J’en viens à présent au cas concret qui a été évoqué. Le 17 février dernier, le CCB a averti le département informatique du parti politique de M. Cogolati qu’il avait été informé que celui-ci aurait reçu un courriel suspect. Selon une source, APT-31 est peut-être lié à cette activité, mais cela n’a pas pu être confirmé par le CCB. Bien que ce dernier ne puisse pas divulguer ses sources, nous pouvons confirmer qu’il s’agit d’un avertissement émis dans le cadre de son service “Spear Warning”. Dans ce cadre, le CCB surveille actuellement internet pour détecter les vulnérabilités connues et exploitées, ainsi que les systèmes vulnérables en Belgique. Par la suite, il essaie d’identifier leurs propriétaires pour leur envoyer un avertissement individuel afin de les aider à mieux se protéger.

Dans votre cas, le CCB a fourni des instructions et a proposé son aide afin de vérifier si l’attaque avait bien eu lieu.

La réception de l’email suspect a bien été confirmée mais nous n’avons pas d’informations suggérant que cette attaque ait abouti.

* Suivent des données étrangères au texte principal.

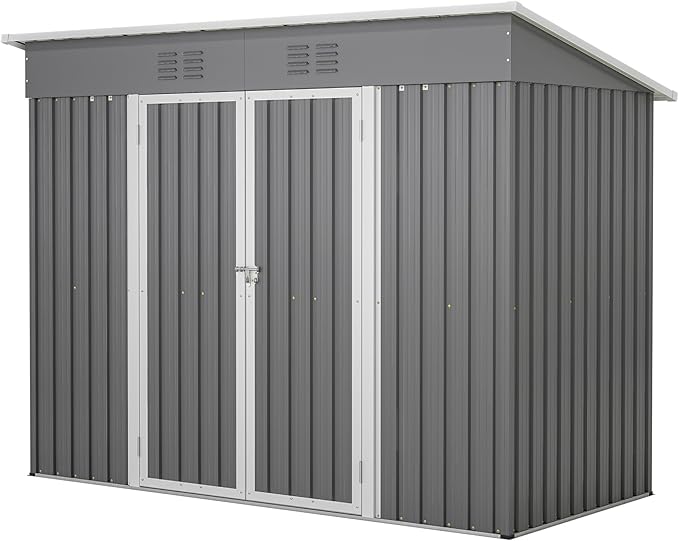 4'x8' Metal Shed Outdoor Storage Shed,Metal Steel Utility Tool Shed Storage House with Double Lockable Doors and Air Vent for Backyard Garden Patio Lawn Gray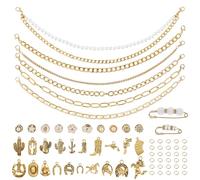 Trucker HutKetten Set, 6 Stück Hutkette mit 20 niedle Emaille Anhänger für Kappen Perlen Metall DIY Tucker Cap Anhänger Goldene Tucker Hut Bar Zubehör für Baseball Cap Billed Hat Purse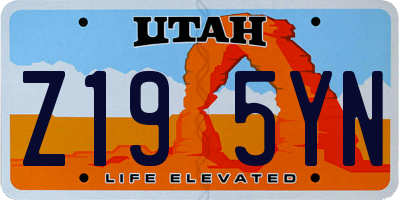 UT license plate Z195YN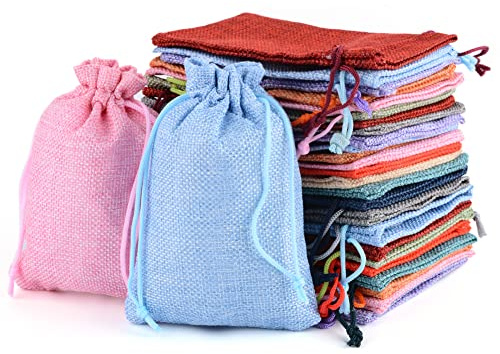 MAOOY 25 stycken jutesäckar 10 x 14 cm jutepåsar med dragsnöre liten jutepåse adventskalender väska för smycken förvaring bröllop fest jul gör-det-själv present (slumpmässig färg)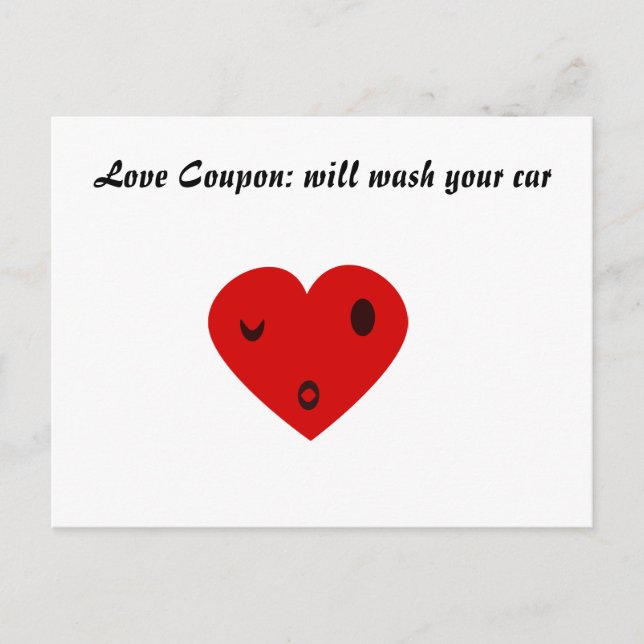Carte Postale Love Coupon : lavera votre voiture (Devant)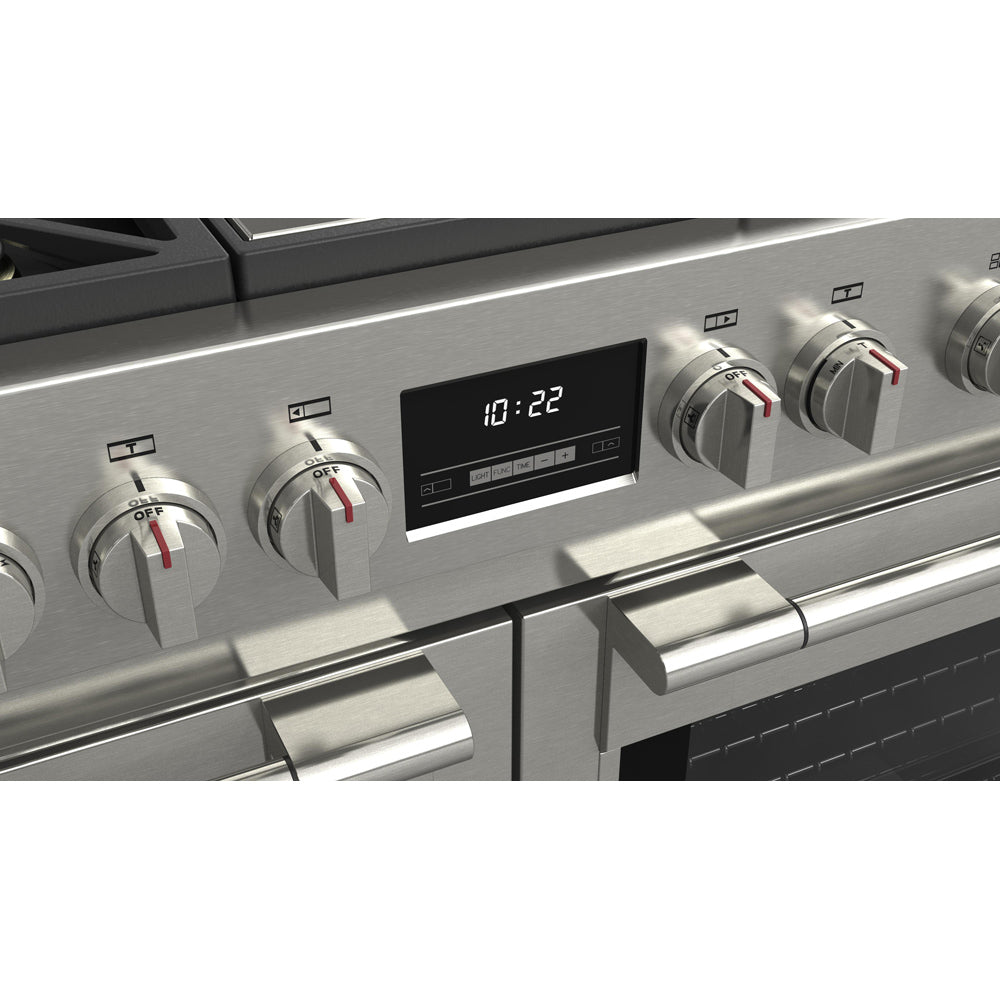 Fulgor Milano 48 Inch 600 Series Professional Gas Range - 6 Burner Stainless Steel Stove with Trilaminate Griddle (F6PGR486GS2) - Perfect for Commercial Kitchens & Home Chefs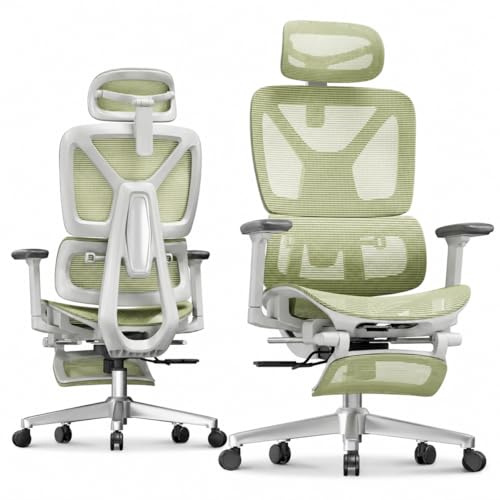 FLEXISPOT ErgoX Chaise de Bureau Ergonomique avec Repose-Pieds | Chaise Gaming en Maille Respirante, Accoudoirs 3D, Appuie-tête Réglable, Pivotante Réglable Hauteur, Bureau & Gaming, Vert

Par ailleurs, nous n’avons pas connaissance que d’autres parlementaires belges aient été ciblés par cette attaque.

En l’absence de preuve d’intrusion dans les systèmes, nous ne disposons pas d’informations sur les éventuelles conséquences qu’une telle attaque aurait pu avoir sur les fuites de données, ni sur le nombre d’emails envoyés à partir de l’adresse mentionnée.

De manière générale, le CCB ne communique pas sur l’identité des victimes.”

Ma réplique :

Je remercie le Premier ministre pour ses précisions concernant la possible cyberattaque qui a visé mon adresse e-mail et qui aurait été commise par le groupe de pirates informatiques APT31, lié au ministère de la Sécurité publique en Chine.

Je reste sur ma faim quant aux autres questions. Un premier volet concerne la transparence à l’égard des cyberattaques chinoises qui visent notre pays. De manière très courageuse, notre diplomatie a attribué des cyberattaques qui ont visé la Défense et le SPF Intérieur à la Chine. C’est un geste particulièrement courageux qui n’est pas anodin en matière de politique des relations extérieures, même au niveau de l’Union européenne.

Mais il faut bien avouer que notre pays fait face à de nombreuses autres cyberattaques vraisemblablement également liées à la Chine. Si on parle de l’e-mail que j’ai reçu, il ne fait pas l’ombre d’un doute que cela venait d’instances chinoises. Le contenu concernait des dossiers chinois. Le timing n’était certainement pas anodin non plus car quand j’ai reçu cet e-mail, je préparais une proposition de résolution pour reconnaître le génocide de la minorité Ouighour au Xinjiang.

Dans le même temps, notre pays a fait face à d’autres cyberattaques qui n’ont pas encore été élucidées ou pas encore attribuées. Je pense à la cyberattaque qui a visé notre Parlement le 4 mai 2021, où nous devions tenir une audition au sujet du génocide des Ouighours, qui a dû être annulée. Là aussi, nous n’avons pas de nouvelles.

En outre, quid du hacking qui a visé votre Chancellerie fin août 2022? En sait-on plus sur les auteurs?

Nous sommes en attente de plus de renseignements concernant les origines et les véritables auteurs ainsi que de réponses fermes. Je pense qu’il n’est pas complétement fou d’imaginer d’imposer des sanctions européennes une fois que les auteurs des cyberattaques sont identifiés et qu’il existe des preuves tangibles pour attribuer ces cyberattaques à des acteurs officiels, par exemple le gouvernement chinois.